[[ Available data open ]]

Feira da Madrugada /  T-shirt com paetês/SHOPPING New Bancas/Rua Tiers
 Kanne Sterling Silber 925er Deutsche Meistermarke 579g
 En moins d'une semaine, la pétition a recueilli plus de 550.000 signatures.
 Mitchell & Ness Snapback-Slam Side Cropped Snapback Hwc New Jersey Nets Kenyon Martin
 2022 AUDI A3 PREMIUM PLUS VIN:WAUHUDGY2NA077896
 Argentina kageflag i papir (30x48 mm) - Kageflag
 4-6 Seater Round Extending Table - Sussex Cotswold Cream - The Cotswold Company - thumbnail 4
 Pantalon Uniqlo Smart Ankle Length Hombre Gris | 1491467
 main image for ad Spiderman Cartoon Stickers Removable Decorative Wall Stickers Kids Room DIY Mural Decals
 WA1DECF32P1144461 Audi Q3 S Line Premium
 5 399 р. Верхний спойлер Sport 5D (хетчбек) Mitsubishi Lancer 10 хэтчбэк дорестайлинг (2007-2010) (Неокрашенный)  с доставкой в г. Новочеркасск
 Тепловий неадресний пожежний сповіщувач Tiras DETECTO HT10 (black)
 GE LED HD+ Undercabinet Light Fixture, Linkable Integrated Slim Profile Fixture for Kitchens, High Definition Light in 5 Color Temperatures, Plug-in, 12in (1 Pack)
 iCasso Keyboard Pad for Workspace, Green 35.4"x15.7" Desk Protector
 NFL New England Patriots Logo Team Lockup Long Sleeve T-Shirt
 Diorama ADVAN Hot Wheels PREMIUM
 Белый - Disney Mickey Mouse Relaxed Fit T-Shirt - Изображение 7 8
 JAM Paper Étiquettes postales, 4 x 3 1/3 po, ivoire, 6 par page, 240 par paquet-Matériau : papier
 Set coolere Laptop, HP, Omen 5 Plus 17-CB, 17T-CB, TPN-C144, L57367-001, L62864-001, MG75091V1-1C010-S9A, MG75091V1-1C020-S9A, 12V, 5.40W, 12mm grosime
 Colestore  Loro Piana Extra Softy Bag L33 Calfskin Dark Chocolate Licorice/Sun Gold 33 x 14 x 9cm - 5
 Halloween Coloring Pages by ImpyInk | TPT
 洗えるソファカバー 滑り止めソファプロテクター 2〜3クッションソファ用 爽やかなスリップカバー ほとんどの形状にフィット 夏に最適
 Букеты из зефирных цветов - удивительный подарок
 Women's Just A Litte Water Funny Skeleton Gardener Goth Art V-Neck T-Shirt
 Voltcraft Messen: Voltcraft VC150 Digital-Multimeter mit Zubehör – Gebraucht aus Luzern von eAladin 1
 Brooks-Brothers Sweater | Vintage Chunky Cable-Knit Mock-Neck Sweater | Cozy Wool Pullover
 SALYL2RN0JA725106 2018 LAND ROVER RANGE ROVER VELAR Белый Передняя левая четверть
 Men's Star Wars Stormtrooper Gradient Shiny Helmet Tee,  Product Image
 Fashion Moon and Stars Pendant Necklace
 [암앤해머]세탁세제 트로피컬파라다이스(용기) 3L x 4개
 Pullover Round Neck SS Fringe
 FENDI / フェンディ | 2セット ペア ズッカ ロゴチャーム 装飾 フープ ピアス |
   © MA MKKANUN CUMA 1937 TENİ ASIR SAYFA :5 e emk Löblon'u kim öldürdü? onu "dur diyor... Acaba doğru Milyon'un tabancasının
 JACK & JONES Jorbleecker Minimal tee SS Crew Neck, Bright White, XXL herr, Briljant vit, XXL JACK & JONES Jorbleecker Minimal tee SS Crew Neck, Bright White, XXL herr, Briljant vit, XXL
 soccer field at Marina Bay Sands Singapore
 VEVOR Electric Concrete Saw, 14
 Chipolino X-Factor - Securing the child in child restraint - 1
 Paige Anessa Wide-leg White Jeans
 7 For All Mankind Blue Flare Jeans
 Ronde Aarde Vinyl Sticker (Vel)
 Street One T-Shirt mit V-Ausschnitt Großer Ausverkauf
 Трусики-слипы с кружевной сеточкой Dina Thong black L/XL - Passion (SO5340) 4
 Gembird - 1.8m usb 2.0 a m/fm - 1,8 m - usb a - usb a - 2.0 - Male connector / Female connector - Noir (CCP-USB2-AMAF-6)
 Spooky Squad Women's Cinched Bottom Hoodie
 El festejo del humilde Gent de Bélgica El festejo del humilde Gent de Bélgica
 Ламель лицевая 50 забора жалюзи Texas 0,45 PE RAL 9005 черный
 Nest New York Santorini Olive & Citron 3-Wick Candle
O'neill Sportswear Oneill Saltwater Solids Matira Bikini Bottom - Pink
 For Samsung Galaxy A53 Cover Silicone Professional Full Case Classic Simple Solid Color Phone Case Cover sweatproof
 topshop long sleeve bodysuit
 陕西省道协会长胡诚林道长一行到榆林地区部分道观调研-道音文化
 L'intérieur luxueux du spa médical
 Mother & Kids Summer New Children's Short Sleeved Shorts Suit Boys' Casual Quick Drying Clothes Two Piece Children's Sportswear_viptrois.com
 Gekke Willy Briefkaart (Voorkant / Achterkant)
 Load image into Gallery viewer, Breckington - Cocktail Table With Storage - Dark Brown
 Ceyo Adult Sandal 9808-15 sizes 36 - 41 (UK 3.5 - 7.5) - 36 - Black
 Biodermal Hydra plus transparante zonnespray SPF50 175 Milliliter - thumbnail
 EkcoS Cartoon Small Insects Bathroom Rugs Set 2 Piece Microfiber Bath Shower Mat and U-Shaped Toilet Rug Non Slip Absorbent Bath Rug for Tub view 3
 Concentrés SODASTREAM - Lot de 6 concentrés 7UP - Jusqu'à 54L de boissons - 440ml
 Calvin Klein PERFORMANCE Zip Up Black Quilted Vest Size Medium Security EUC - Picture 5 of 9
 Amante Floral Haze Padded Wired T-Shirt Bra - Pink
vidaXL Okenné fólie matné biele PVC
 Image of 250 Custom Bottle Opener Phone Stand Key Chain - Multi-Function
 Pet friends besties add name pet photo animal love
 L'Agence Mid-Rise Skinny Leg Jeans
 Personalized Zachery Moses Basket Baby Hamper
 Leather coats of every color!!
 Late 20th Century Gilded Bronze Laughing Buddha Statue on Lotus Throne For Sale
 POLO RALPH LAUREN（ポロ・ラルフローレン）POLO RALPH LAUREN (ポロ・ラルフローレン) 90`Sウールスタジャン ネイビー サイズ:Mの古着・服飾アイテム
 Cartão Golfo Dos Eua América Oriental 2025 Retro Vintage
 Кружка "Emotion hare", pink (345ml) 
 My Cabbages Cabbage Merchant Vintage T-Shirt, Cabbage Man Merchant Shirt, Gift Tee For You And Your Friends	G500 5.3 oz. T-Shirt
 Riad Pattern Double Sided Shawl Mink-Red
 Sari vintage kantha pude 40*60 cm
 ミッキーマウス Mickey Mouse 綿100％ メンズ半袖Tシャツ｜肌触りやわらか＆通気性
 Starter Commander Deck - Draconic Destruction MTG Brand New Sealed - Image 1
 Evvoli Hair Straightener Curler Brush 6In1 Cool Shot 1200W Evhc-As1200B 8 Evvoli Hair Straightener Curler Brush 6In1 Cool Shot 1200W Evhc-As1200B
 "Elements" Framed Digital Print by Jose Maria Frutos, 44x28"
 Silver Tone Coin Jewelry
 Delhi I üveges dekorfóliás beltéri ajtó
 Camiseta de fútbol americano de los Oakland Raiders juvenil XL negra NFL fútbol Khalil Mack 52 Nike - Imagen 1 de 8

[[ Available data closed ]]

Exercise prompt = The required output is the exact run of lines from the beginning of the records to the line with "Women's Just A", that line included.

Answer to the exercise =
Feira da Madrugada /  T-shirt com paetês/SHOPPING New Bancas/Rua Tiers
 Kanne Sterling Silber 925er Deutsche Meistermarke 579g
 En moins d'une semaine, la pétition a recueilli plus de 550.000 signatures.
 Mitchell & Ness Snapback-Slam Side Cropped Snapback Hwc New Jersey Nets Kenyon Martin
 2022 AUDI A3 PREMIUM PLUS VIN:WAUHUDGY2NA077896
 Argentina kageflag i papir (30x48 mm) - Kageflag
 4-6 Seater Round Extending Table - Sussex Cotswold Cream - The Cotswold Company - thumbnail 4
 Pantalon Uniqlo Smart Ankle Length Hombre Gris | 1491467
 main image for ad Spiderman Cartoon Stickers Removable Decorative Wall Stickers Kids Room DIY Mural Decals
 WA1DECF32P1144461 Audi Q3 S Line Premium
 5 399 р. Верхний спойлер Sport 5D (хетчбек) Mitsubishi Lancer 10 хэтчбэк дорестайлинг (2007-2010) (Неокрашенный)  с доставкой в г. Новочеркасск
 Тепловий неадресний пожежний сповіщувач Tiras DETECTO HT10 (black)
 GE LED HD+ Undercabinet Light Fixture, Linkable Integrated Slim Profile Fixture for Kitchens, High Definition Light in 5 Color Temperatures, Plug-in, 12in (1 Pack)
 iCasso Keyboard Pad for Workspace, Green 35.4"x15.7" Desk Protector
 NFL New England Patriots Logo Team Lockup Long Sleeve T-Shirt
 Diorama ADVAN Hot Wheels PREMIUM
 Белый - Disney Mickey Mouse Relaxed Fit T-Shirt - Изображение 7 8
 JAM Paper Étiquettes postales, 4 x 3 1/3 po, ivoire, 6 par page, 240 par paquet-Matériau : papier
 Set coolere Laptop, HP, Omen 5 Plus 17-CB, 17T-CB, TPN-C144, L57367-001, L62864-001, MG75091V1-1C010-S9A, MG75091V1-1C020-S9A, 12V, 5.40W, 12mm grosime
 Colestore  Loro Piana Extra Softy Bag L33 Calfskin Dark Chocolate Licorice/Sun Gold 33 x 14 x 9cm - 5
 Halloween Coloring Pages by ImpyInk | TPT
 洗えるソファカバー 滑り止めソファプロテクター 2〜3クッションソファ用 爽やかなスリップカバー ほとんどの形状にフィット 夏に最適
 Букеты из зефирных цветов - удивительный подарок
 Women's Just A Litte Water Funny Skeleton Gardener Goth Art V-Neck T-Shirt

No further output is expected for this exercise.